On how many lines of the records below does the string "House" appear? Reply with only the number.

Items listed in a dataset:
----

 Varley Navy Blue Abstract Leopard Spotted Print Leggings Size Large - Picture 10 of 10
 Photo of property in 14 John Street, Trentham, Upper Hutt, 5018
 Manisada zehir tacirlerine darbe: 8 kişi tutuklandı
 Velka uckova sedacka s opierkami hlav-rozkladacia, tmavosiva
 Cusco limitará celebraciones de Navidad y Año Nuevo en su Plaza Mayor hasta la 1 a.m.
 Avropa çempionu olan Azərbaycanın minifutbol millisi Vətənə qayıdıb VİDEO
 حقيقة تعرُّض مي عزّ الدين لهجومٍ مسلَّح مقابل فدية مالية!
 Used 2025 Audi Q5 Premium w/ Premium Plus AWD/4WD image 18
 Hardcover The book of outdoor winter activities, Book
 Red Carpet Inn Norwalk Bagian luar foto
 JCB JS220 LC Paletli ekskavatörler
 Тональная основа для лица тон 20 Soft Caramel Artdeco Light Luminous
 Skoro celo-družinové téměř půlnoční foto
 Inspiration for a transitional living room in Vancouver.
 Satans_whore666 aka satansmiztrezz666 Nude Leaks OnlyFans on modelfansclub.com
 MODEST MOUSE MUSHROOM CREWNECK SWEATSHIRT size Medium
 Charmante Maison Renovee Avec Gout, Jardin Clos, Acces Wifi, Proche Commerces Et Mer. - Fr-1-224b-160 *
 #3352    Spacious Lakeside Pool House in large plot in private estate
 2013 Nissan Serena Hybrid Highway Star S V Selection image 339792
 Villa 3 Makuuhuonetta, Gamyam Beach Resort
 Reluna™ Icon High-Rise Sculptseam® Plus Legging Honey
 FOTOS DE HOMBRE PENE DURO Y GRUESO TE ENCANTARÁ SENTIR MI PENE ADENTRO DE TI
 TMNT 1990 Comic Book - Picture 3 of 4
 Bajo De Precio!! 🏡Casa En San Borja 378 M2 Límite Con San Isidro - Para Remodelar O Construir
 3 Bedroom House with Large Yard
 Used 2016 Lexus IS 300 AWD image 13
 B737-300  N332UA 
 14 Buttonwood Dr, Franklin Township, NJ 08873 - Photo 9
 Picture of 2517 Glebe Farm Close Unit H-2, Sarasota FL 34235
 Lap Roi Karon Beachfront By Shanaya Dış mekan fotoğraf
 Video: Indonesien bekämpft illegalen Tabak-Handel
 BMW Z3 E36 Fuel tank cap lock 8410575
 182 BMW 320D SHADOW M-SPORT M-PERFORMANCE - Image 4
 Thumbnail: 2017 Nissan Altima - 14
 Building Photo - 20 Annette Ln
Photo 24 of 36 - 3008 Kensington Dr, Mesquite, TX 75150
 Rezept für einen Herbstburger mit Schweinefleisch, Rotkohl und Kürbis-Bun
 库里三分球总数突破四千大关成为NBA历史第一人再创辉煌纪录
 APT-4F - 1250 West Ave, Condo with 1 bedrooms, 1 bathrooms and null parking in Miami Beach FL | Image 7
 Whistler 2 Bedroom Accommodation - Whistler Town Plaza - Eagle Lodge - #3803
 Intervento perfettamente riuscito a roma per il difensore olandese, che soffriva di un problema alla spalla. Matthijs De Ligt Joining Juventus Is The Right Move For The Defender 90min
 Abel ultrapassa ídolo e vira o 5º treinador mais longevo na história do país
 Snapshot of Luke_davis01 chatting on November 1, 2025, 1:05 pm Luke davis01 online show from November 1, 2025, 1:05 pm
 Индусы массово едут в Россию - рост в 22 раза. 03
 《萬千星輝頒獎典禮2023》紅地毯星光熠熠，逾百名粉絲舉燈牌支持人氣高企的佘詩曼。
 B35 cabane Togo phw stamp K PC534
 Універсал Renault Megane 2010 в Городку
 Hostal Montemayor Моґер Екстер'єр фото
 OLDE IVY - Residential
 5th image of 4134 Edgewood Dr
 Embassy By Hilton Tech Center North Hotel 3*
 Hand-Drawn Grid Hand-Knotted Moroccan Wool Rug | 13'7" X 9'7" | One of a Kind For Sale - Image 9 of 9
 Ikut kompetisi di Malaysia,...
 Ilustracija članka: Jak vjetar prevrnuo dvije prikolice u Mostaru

----

SOLUTION TO THIS PROBLEM
2